377

Case No. 8,939.

MAENHAUT et al. v. NEW ORLEANS et al.

[2 Woods, 108.]1

Circuit Court, D. Louisiana.

Nov. Term, 1875.

CONSTITUTIONAL LAW—LEGISLATIVE ACT—CONTRACT—BONDS—TAXES—MONEY COLLECTED—TRUST FUND.

1. An act of the legislature, which provided for the issue of bonds by a municipal corporation, and prescribed the manner in which the tax to pay the interest thereon should be levied, and enacted safeguards to secure its levy and collection, on the faith of which legislation the bonds were sold, constitutes a contract with the bondholder, the substantial performance of which he is entitled to exact.
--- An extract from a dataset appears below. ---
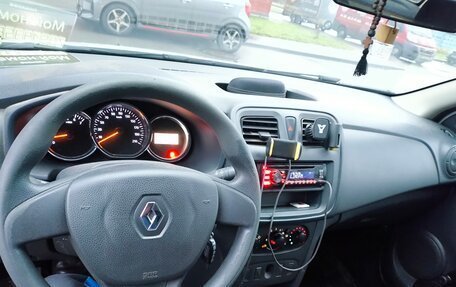 Renault Logan II, 2015 год, 390 000 рублей, 7 фотография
[Cited in Maenhaut v. New Orleans, Case No. 8,940.]

2. Money collected to pay the interest on said bonds, levied, collected and set apart, according to the provisions of said act, is a trust fund for that purpose, and the municipal corporation may be enjoined from using it for any other purpose without the consent of the bondholders.

[Followed in Ranger v. New Orleans, Case-No. 11,564. Cited in Meriwether v. Garrett, 102 U. S. 530; Garrett v. City of Memphis, 5 Fed. 869; Chaffraix v. Board of Liquidation, 11 Fed. 641; Fazende v. City of Houston, 34 Fed. 97.]

3. The act of the legislature of Louisiana of Feb. 23. 1852. establishing the charter of the city of New Orleans, which declares that the 378rate per cent, of the tax (to pay interest on the consolidated debt) in each municipality shall be in proportion to the indebtedness of each, is not in conflict with article 127 of the constitution of 1845, which declares that “taxation shall be equal and uniform throughout the state.”

[Followed in Ranger v. New Orleans, Case No. 11,564.]

In equity. This cause was heard upon the motion of complainants [Rosalie Maenhaut and others] for a preliminary injunction, and for the appointment of a receiver. It was submitted upon the bill, supplemental bill, answer, affidavits, and arguments of counsel.

John A. Campbell and E. Bermudez, for motion.

B. F. Jonas, City Atty., T. J. Semmes, W. W. Howe, John Finney, and E. W. Huntingdon, contra.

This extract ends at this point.